One of the economies in the world with the quickest growth rates in India. Establishing a business in India is a desirable alternative because the government supports international investment, and the country has an abundance of skilled workers at reasonable prices. Even non-resident Indians (NRIs) are considering the possibility, particularly in light of the most recent budget. But before starting a business in India, NRIs need to bear some consideration.
In India, establishing a business has never been simpler. Since economic liberalization began in 1991, foreign direct investment (FDI) has gradually increased. During the most recent fiscal year, 2018–19, India received $64.37 billion in FDI, which was a record high. This is a result of loose FDI regulations in numerous economic sectors. India now holds the top spot for the South Asian area and ranks 63rd out of 190 economies in the World Bank’s most recent Ease of Doing Business survey (EoDB).
Directors and shareholders
Additionally, it calls for a minimum of two directors. A director may also be a shareholder. A director does not have to be a shareholder, though. The resident director must carry out several duties. They may or may not be involved in managing the company but must communicate with the local governmental agencies as needed. A private limited business is required to have two directors at a minimum. A resident and citizen of India should make up at least one of the directors. Additionally, a company’s profit repatriation is liable to tax in India at a rate of 20%, which may be reduced by the tax treaty rate, which the NRI tax experts very well guide. On the other hand, distribution from an LLP is tax-free.
Directors are given a Director Identification Number (DIN), a unique number. You must follow some procedures to appoint a director, which applies to resident directors and NRIs. Specific papers, such as? Must be authenticated to receive a DIN. The documents require attestation from the Indian embassy in the nation where the NRI resides.
Additionally necessary is a digital signature. Permanent Account Number (PAN) and Tax Deduction and Collection Account Number are also requirements for businesses (TAN). These are utilized for taxation. “The Indian Businesses Act, 2013, allows NRIs to act as directors of Indian companies, but they must first apply for a digital signature certificate and then get a DIN.
In India, you must have documentation of your residence before opening a business. NRIs are international residents; therefore, they lack documents proving their addresses. So, for them, obtaining address proof is difficult. NRIs may decide to use virtual offices as a solution to this issue. Many incubator facilities offer this service.
If an NRI invests in India on a repatriation basis, it is regarded as an FDI. Consequently, FDI regulations must be observed.
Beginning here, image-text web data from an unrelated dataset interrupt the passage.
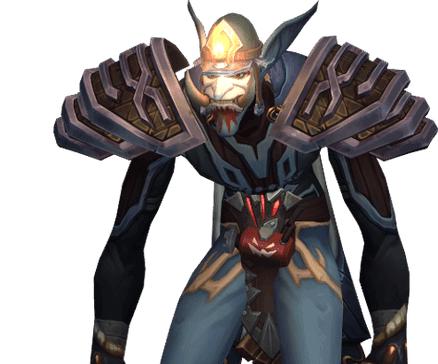 Dortak render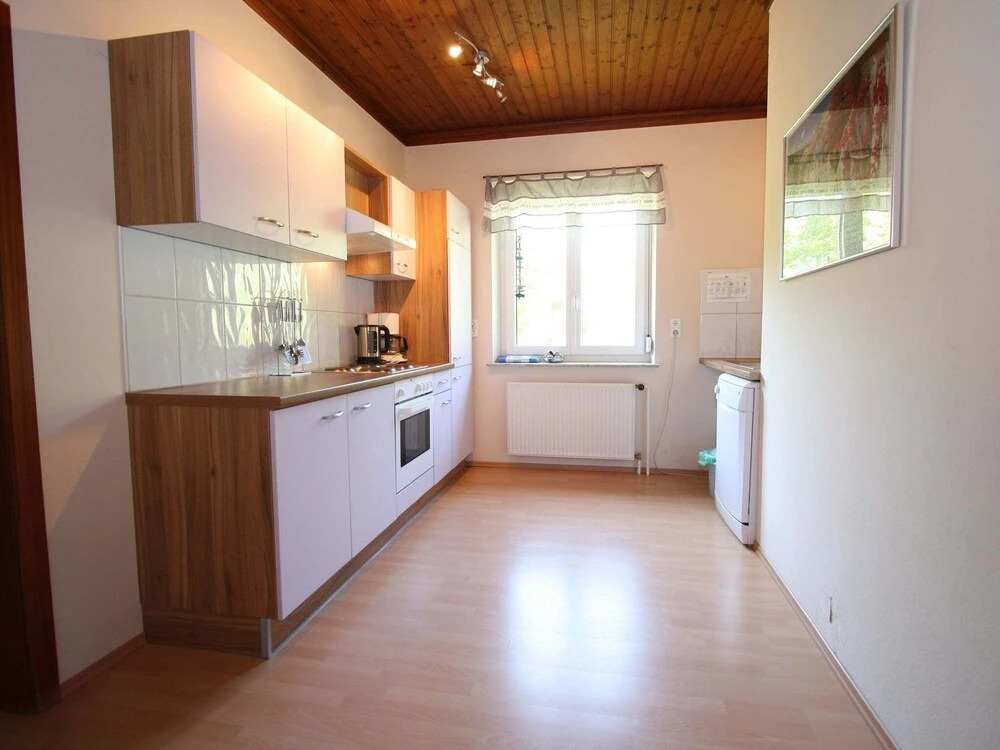 Spacious Apartment near Ski Area in Pusterwald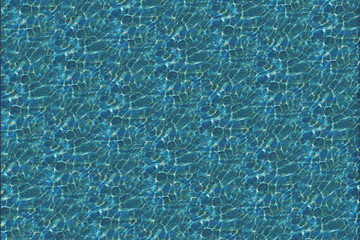 blue glitch grunge art texture pattern background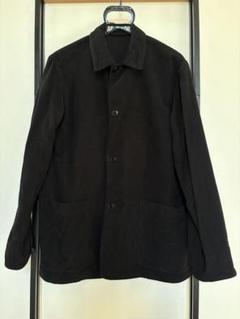 comoliカバーオール COMOLI's denim work jacket – COVERCHORD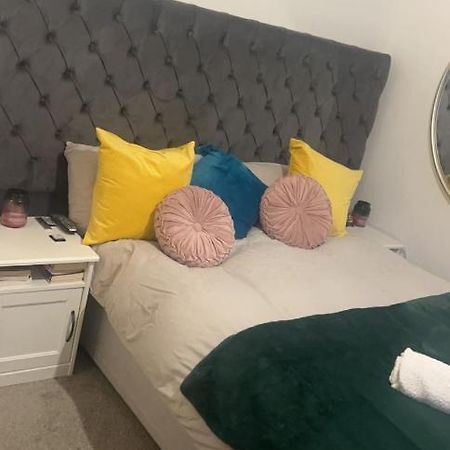 Spacious Double Room In Prime Location London Exterior photo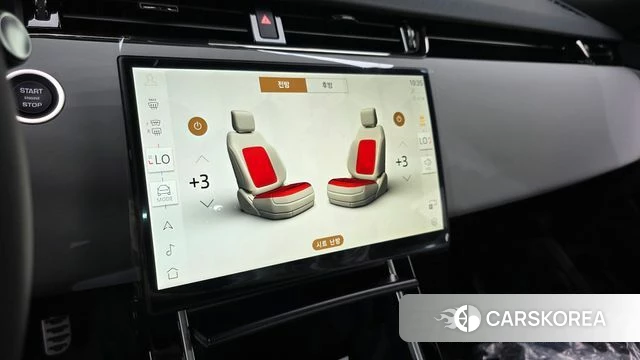 Land Rover Range Rover Evoque 2nd Generation 2026 Белый из Кореи, фото 6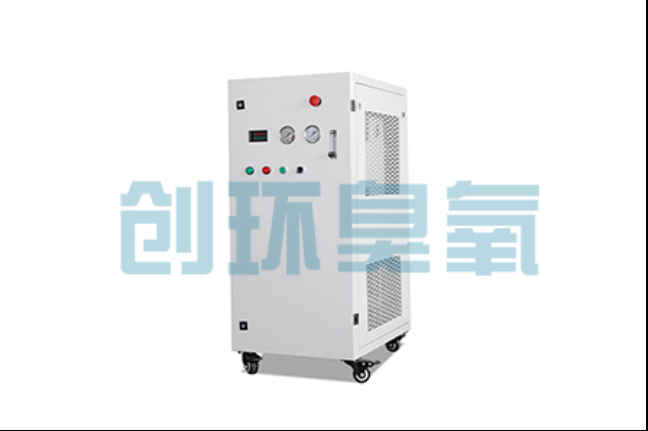 徐汇2026年南美白对虾循环水养殖系统(RAS)臭氧消毒完整指南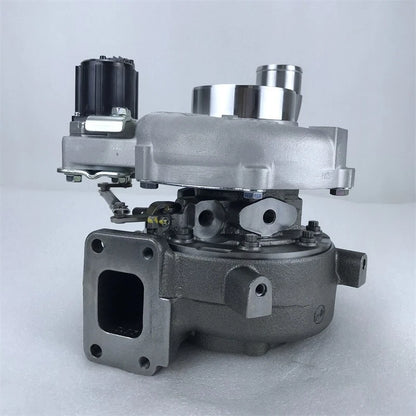 Hino Truck 268 338 338T w/ J08E 7.7L Turbo Charger GTB3576KLNRV 775806-0014
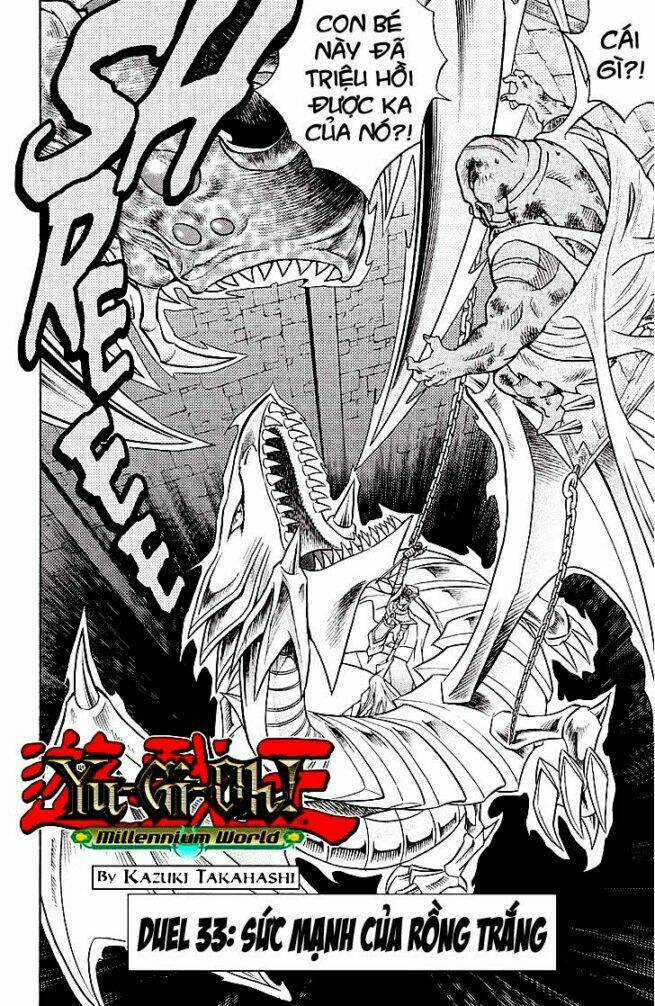 Vua Trò Chơi - Chapter 311 - Trang 2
Both the automated route and the government route are available for FDI investments. The automatic route requires no authorization from the Reserve Bank of India (RBI) or the Indian government. However, the government route needs approval in advance.
Make use of the exclusive NRI bank accounts, such as the Non-Resident Account, if you are an NRI intending to launch a business in India (NRE). It enables you to deposit international earnings into your bank account via various online money transfer providers or repatriate your funds whenever you’d like. It is always advisable to take due advice from the NRI tax consultant Pune.